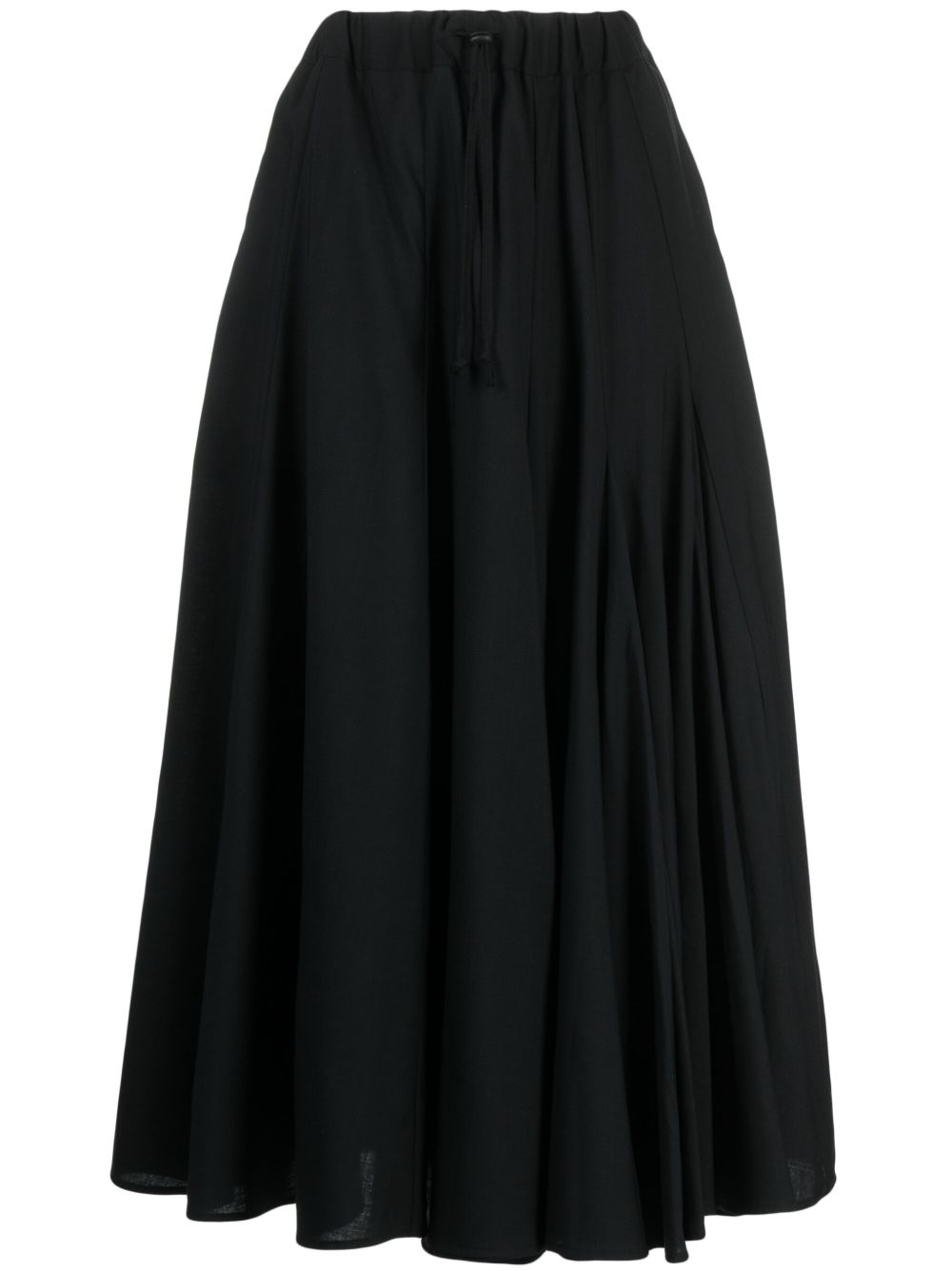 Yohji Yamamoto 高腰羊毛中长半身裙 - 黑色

==

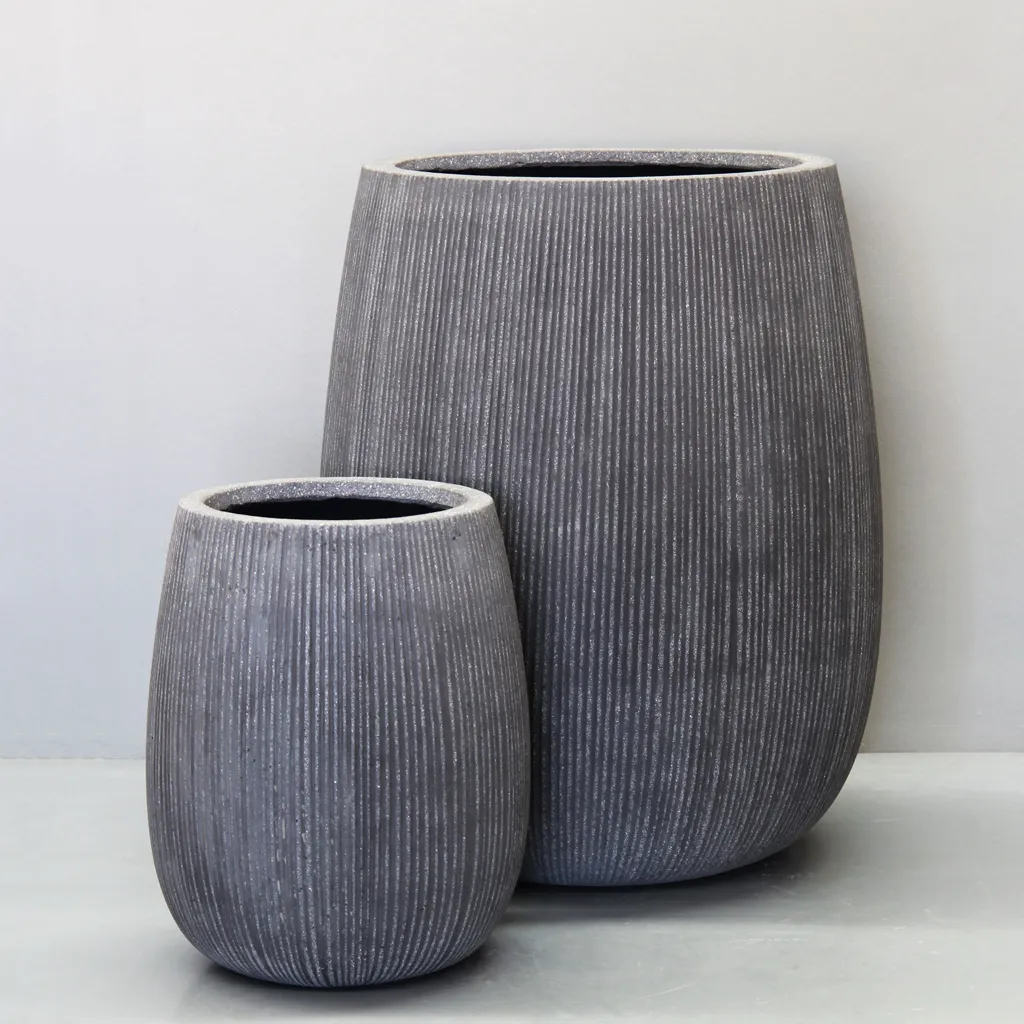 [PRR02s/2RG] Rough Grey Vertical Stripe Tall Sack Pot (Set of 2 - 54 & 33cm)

---

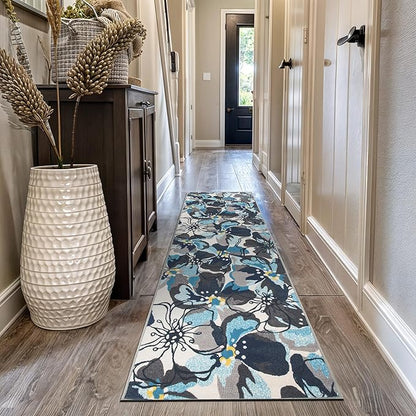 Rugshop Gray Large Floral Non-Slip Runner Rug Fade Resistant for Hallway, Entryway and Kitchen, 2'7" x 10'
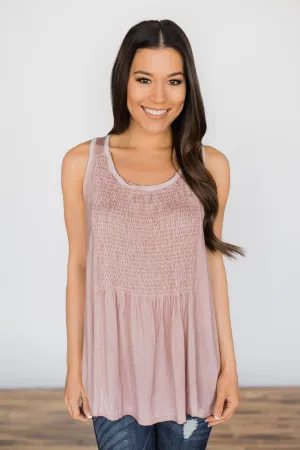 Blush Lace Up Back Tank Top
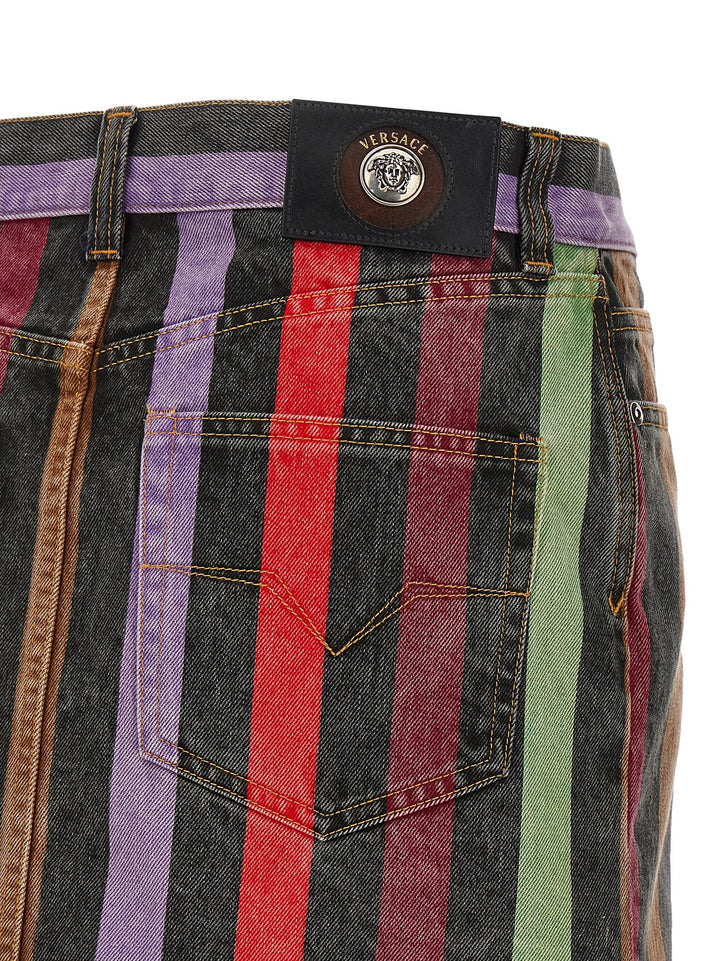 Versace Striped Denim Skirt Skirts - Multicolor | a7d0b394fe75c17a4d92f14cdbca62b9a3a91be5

Work instruction ->
Look above for the line with "Blush Lace Up Back Tank Top", then print it and each line after it down to and including the line with "Versace Striped Denim". Leave out the pictures and keep the wording exact.

Written response ->
 Blush Lace Up Back Tank Top
 Versace Striped Denim Skirt Skirts - Multicolor | a7d0b394fe75c17a4d92f14cdbca62b9a3a91be5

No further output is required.